Desde setembro, quando foi jurado do Festival de San Sebastián, a carreira do realizador alemão Christian Petzold ficou focada no lançamento de seu filme mais recente, o badalado "Afire", em salas de países da América Latina, como o Brasil, e no streaming da Europa. Hoje, a produção faz parte do cardápio da plataforma digital do Telecine e na Reserva Imovision. Pode ainda ser alugado na Apple TV, no YouTube, no Google Play e na Amazon Prime.

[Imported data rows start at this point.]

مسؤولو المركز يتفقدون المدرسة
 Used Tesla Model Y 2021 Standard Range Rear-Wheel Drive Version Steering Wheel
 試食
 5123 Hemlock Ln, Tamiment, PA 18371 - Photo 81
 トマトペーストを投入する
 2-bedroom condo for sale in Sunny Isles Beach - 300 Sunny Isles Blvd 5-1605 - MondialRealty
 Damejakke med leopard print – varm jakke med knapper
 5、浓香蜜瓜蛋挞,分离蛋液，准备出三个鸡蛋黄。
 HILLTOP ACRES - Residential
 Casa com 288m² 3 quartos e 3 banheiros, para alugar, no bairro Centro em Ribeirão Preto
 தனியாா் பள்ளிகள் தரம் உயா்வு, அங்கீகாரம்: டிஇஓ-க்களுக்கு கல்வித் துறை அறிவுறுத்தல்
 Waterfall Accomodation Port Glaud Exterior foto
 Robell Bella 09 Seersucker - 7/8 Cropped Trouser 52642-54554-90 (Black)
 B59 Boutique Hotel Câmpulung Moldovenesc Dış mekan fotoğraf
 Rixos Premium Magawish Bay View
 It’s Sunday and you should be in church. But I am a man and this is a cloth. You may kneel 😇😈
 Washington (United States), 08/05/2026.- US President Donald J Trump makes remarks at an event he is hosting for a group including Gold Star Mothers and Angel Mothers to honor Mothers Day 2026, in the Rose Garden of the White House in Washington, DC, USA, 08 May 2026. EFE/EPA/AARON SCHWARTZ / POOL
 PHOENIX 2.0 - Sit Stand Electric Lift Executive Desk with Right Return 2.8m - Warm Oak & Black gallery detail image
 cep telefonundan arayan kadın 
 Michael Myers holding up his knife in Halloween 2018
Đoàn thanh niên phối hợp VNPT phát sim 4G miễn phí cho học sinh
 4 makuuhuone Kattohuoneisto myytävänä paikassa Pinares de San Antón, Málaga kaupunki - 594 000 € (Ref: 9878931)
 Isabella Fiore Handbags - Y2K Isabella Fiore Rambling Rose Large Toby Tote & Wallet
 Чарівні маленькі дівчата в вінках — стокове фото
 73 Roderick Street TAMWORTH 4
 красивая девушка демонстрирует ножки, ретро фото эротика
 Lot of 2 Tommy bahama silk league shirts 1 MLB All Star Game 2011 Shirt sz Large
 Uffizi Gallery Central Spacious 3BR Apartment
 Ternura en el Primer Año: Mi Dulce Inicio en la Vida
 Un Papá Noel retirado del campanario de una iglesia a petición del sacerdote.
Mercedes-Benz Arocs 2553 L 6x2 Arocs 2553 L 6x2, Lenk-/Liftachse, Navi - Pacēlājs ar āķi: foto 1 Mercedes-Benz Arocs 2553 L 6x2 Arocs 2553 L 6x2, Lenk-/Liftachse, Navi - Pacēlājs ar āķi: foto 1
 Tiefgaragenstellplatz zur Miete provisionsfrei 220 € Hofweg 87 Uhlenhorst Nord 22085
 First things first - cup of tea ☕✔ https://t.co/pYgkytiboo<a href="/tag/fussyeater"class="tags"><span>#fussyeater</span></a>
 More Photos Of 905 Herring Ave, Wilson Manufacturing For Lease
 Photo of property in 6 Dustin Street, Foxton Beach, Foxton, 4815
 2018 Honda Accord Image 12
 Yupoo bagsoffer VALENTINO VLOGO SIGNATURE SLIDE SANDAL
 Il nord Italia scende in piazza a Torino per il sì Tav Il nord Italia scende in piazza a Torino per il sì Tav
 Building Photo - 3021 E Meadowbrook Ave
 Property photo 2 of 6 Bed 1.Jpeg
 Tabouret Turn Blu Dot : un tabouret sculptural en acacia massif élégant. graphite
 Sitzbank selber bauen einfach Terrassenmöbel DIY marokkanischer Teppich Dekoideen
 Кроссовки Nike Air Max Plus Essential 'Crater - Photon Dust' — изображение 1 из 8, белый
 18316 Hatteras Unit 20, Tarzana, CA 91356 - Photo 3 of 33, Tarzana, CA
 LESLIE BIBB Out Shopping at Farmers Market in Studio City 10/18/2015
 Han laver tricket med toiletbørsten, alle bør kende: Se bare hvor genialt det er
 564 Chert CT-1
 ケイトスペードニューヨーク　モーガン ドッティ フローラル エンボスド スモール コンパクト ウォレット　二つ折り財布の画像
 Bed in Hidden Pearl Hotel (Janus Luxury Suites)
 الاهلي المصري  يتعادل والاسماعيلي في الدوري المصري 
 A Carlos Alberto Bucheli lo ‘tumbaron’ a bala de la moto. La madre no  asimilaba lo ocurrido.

Em fevereiro do ano passado, esse drama cheio de louvor à literatura deu a ele o Grande Prêmio do Júri da Berlinale, evento germânico que, na edição deste ano, a de número 74º, vai contar com a presença dele como jurado. Esse convite para que ele integre o coletivo destinado a julgar os concorrentes ao Urso de Ouro de 2024 - presidido pela atriz Lupita Nyong'o, oscarizada por "12 Anos de Escravidão" - ressalta a relevância de Petzold como o diretor autoral de maior relevância de seu país na atualidade. Além de Lupita e dele, o júri da Berlinale (agendada de 15 a 25 de fevereiro) reúne a diretora Ann Hui (Hong Kong/ China), o ator e realizador Brady Corbet (EUA), o cineasta Albert Serra (Espanha), a atriz e realizadora Jasmine Trinca (Itália) e a poeta Oksana Zabuzhko (Ucrânia). O rol de produções em concurso é farto.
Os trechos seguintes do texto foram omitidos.